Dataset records
____________

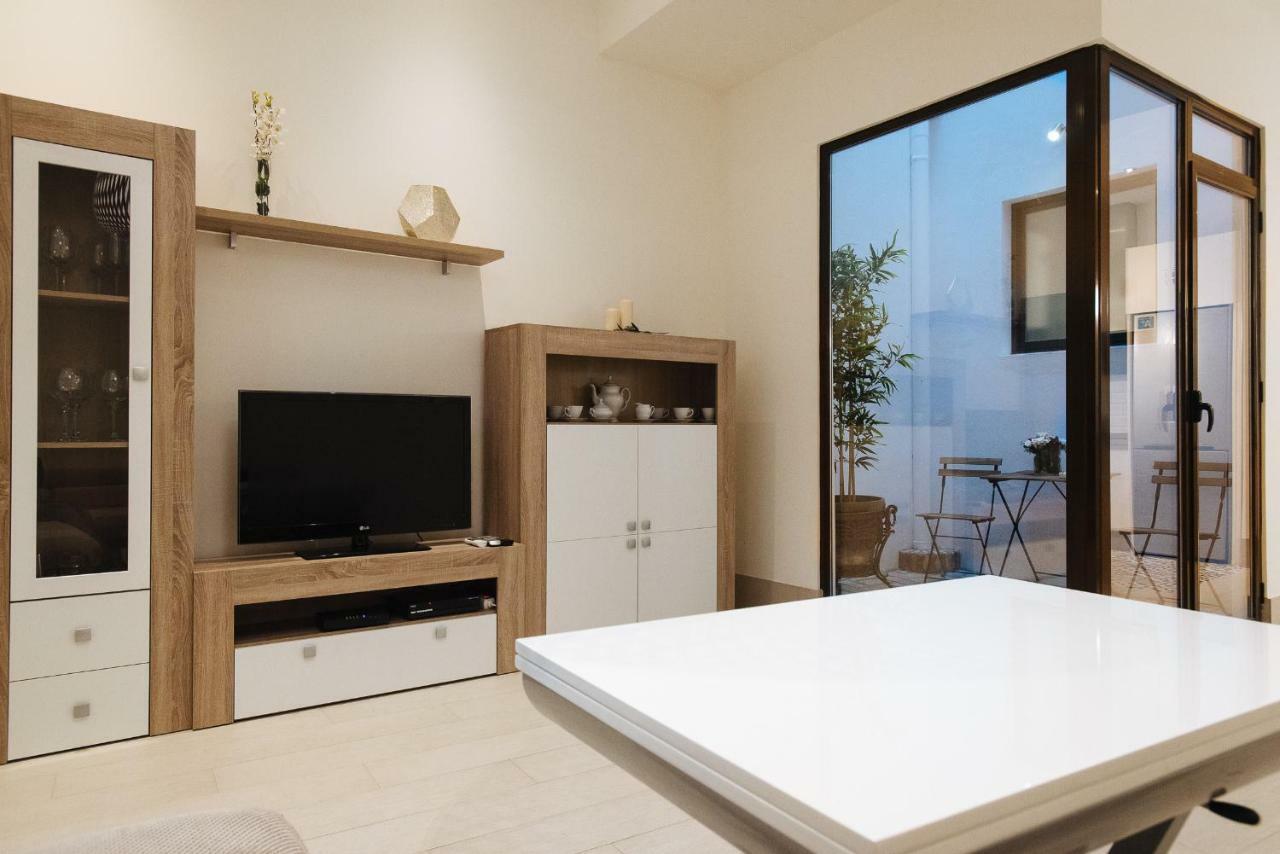 Luxury Apartment Penuelas Free Parking Севиля Екстериор снимка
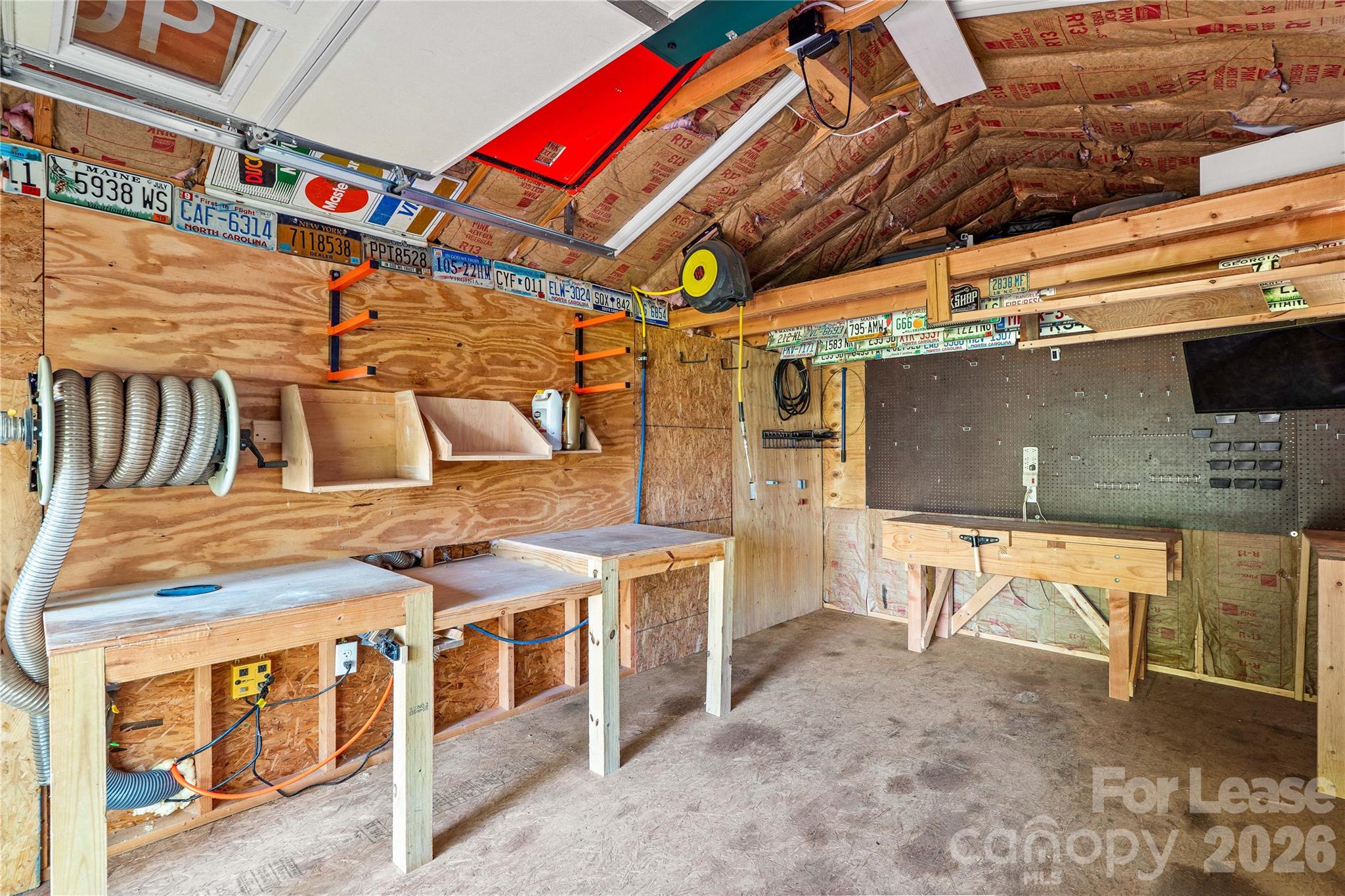 5020 Fox Hollow Drive Property Photo 16
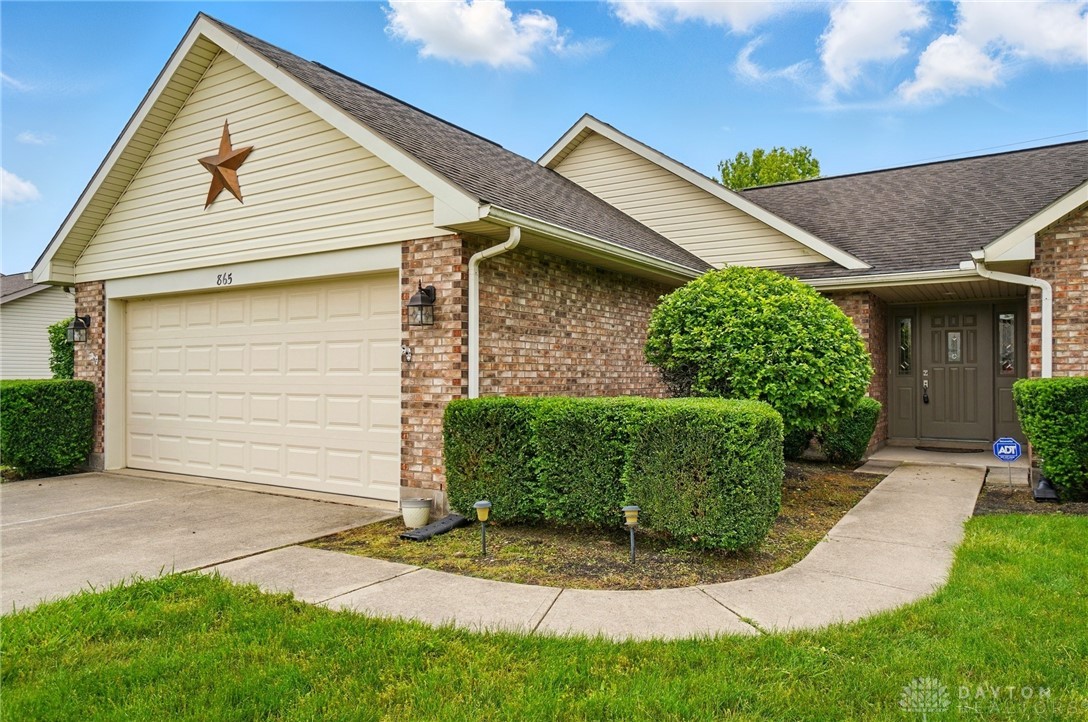 865 Willow Creek Way, Troy, Ohio image 4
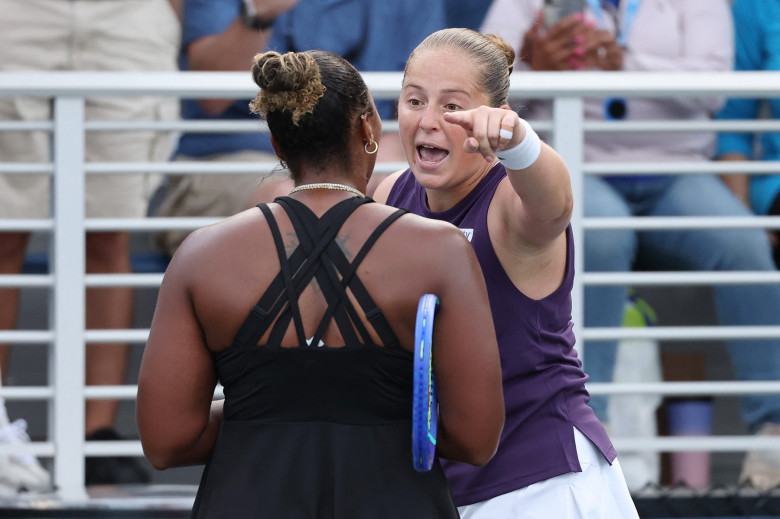 Taylor Townsend şi Jelena Ostapenko (4)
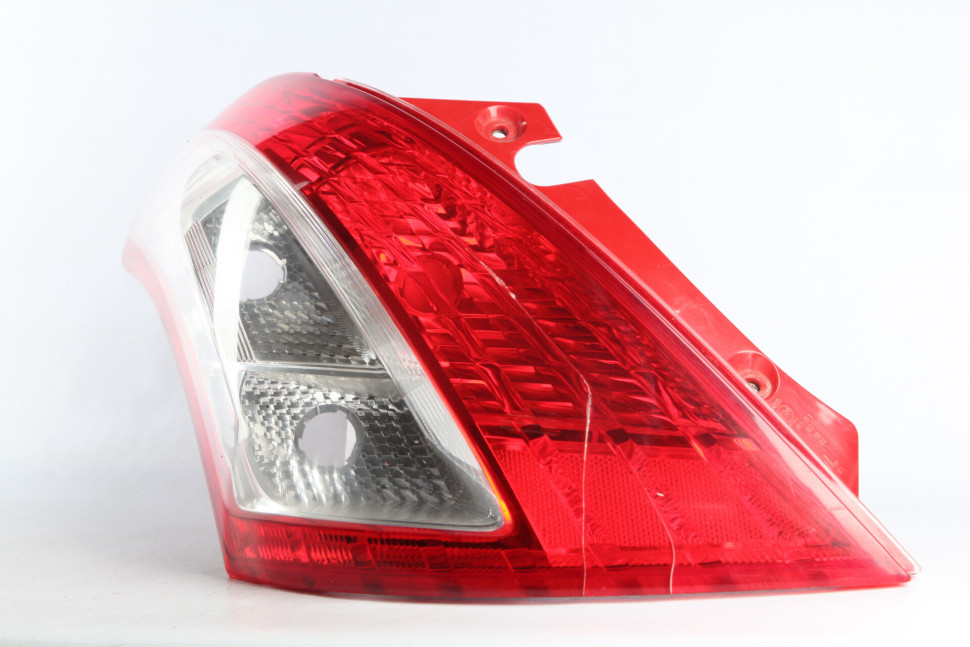 Фонарь задний левый бу Suzuki Swift OEM 3560468L00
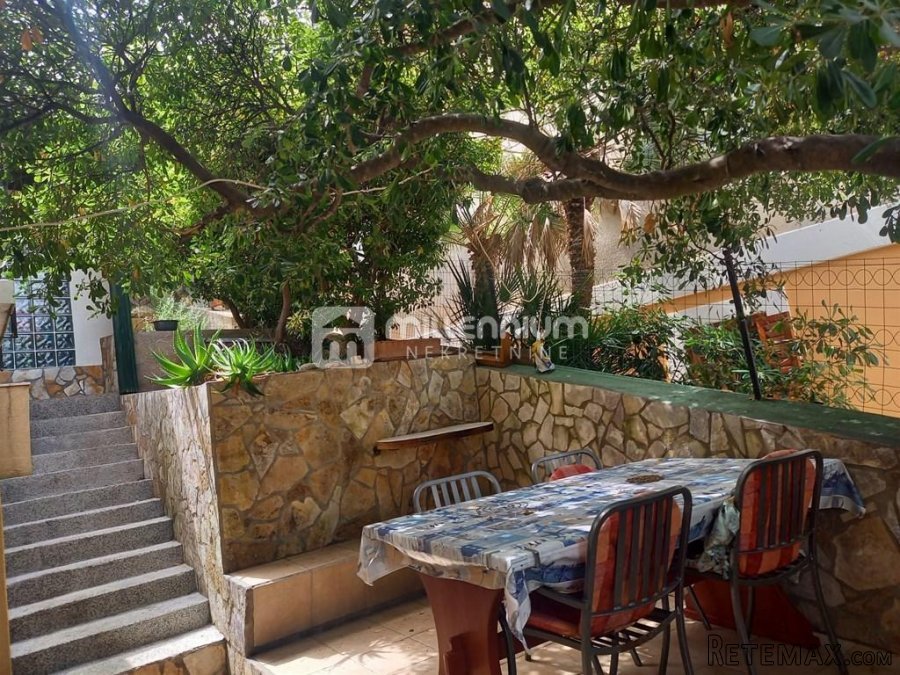 Mali Lošinj, 200m2, samostojeća kuća, 2. red od mora
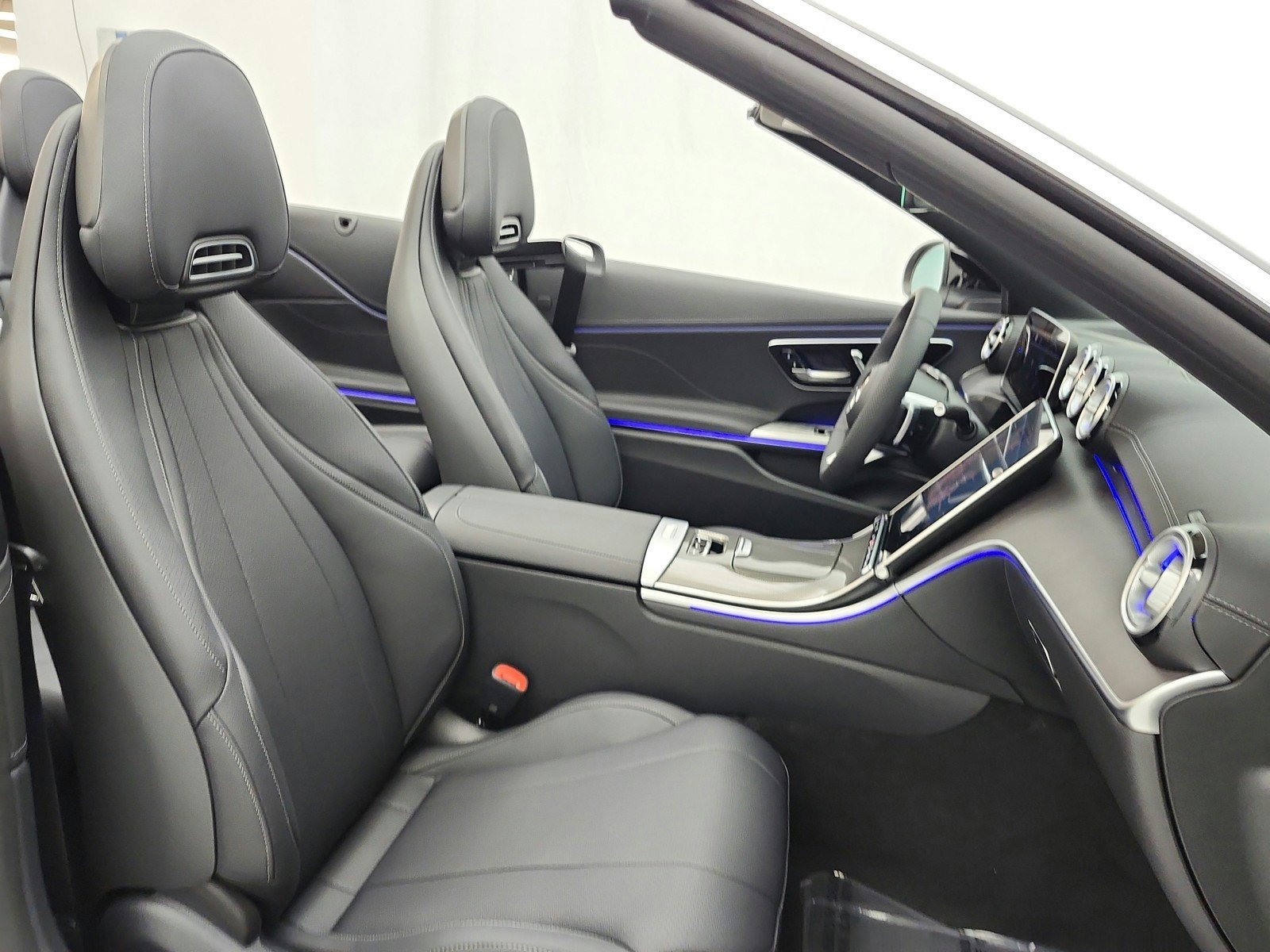 New 2026 Mercedes-Benz CLE 450 4MATIC Cabriolet image 16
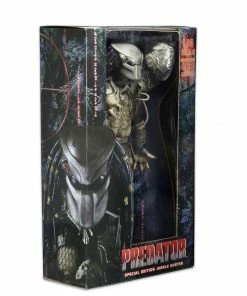 Predator - 1/4 Scale Action Figure - Jungle Hunter Predator With LED Lights - NECA Collectibles Letter P Costumes 8 Predator - 1/4 Scale Action Figure - Jungle Hunter Predator With LED Lights - NECA Collectibles Letter P Costumes
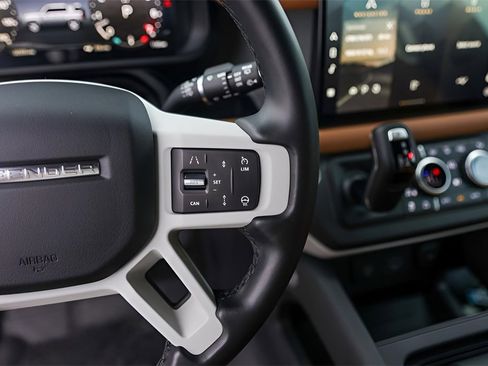 Used 2024 Land Rover Defender 110 SE image 16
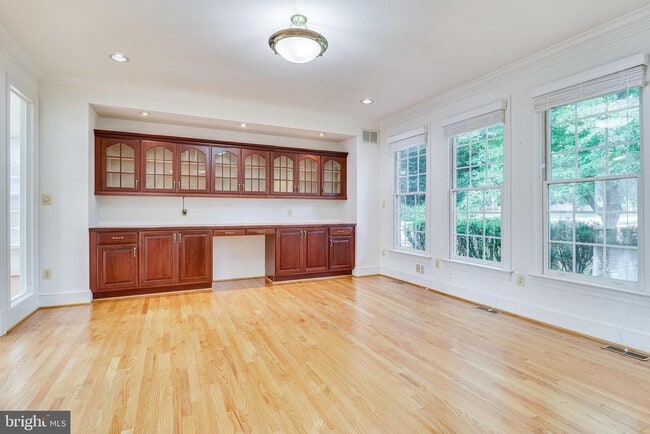 Building Photo - 1719 Strine Dr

____________

### Directions for this task
Would you return all of the entries unchanged while omitting the images?

### Result below
 Luxury Apartment Penuelas Free Parking Севиля Екстериор снимка
 5020 Fox Hollow Drive Property Photo 16
 865 Willow Creek Way, Troy, Ohio image 4
 Taylor Townsend şi Jelena Ostapenko (4)
 Фонарь задний левый бу Suzuki Swift OEM 3560468L00
 Mali Lošinj, 200m2, samostojeća kuća, 2. red od mora
 New 2026 Mercedes-Benz CLE 450 4MATIC Cabriolet image 16
 Predator - 1/4 Scale Action Figure - Jungle Hunter Predator With LED Lights - NECA Collectibles Letter P Costumes 8 Predator - 1/4 Scale Action Figure - Jungle Hunter Predator With LED Lights - NECA Collectibles Letter P Costumes
 Used 2024 Land Rover Defender 110 SE image 16
 Building Photo - 1719 Strine Dr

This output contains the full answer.